No pictures belong in the copy. Reproduce exactly the lines beginning at the line containing "Apartament cu 2 camere în Tei" and continuing to the end of the entries below.

--- Records to use Enclosed Below ---

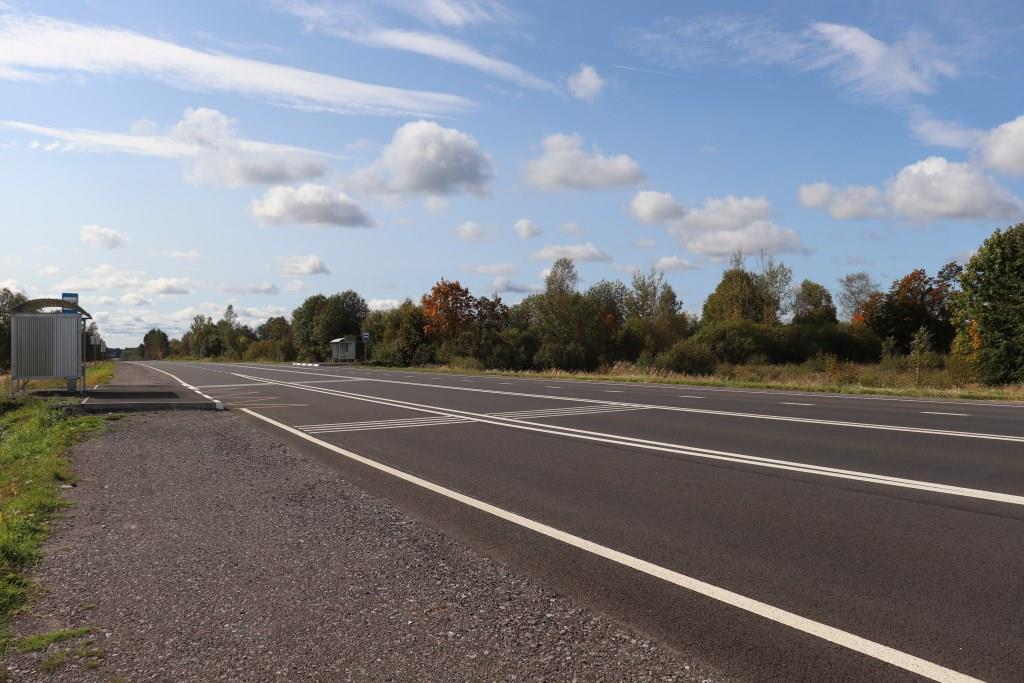 В Тверской области отремонтируют 306 км дорог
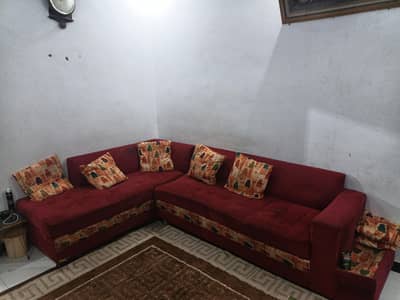 l shape sofa sell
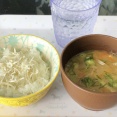 【貧乏飯】食費が激安な１日でした。
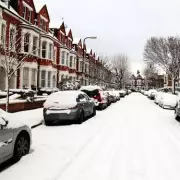 UK Braces for Heavy Snowfall: Up to 38 Inches Forecast for Scotland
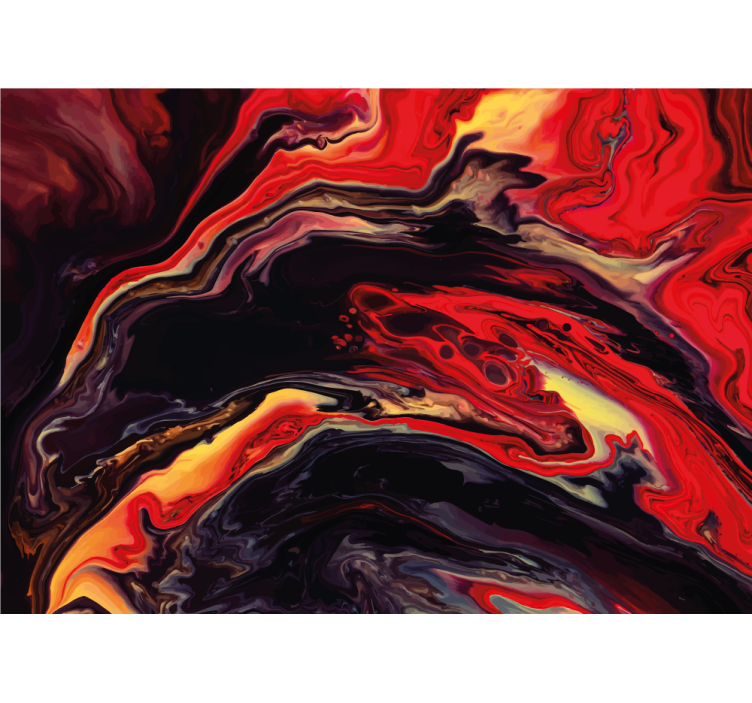 Abstraktné fototapety dynamické vírivé vzory - Tenstickers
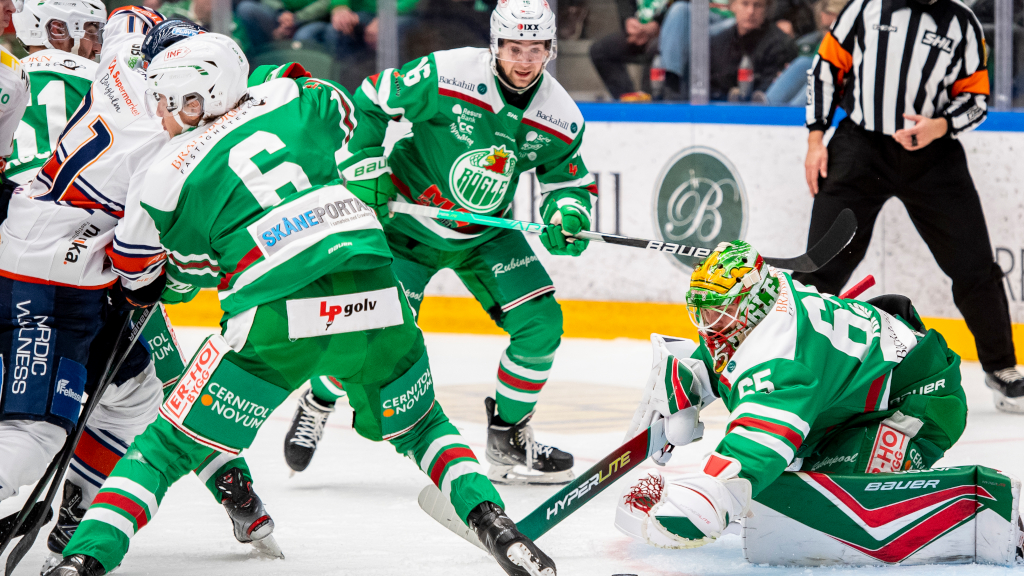 Morgondagens match mellan V&auml;xj&ouml; och R&ouml;gle flyttas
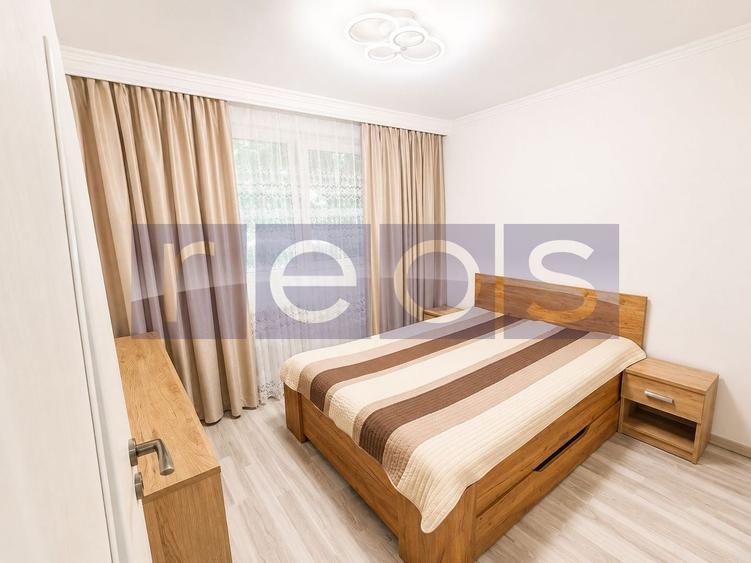 Apartament cu 2 camere în Tei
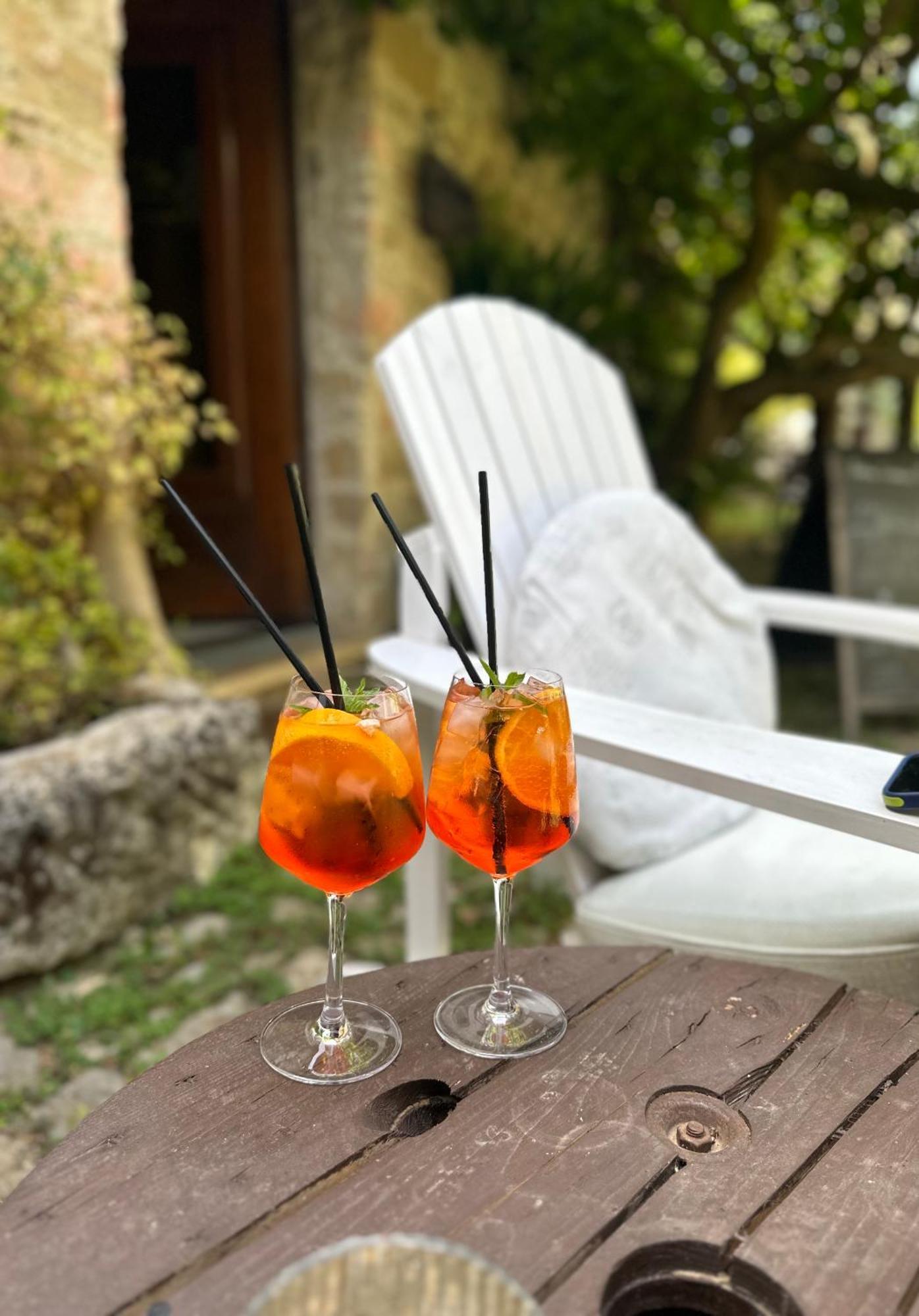 Antica Locanda Lunetta Màndas Exteriör bild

--- End of Enclosed Records to use ---

**Written response:**
 Apartament cu 2 camere în Tei
 Antica Locanda Lunetta Màndas Exteriör bild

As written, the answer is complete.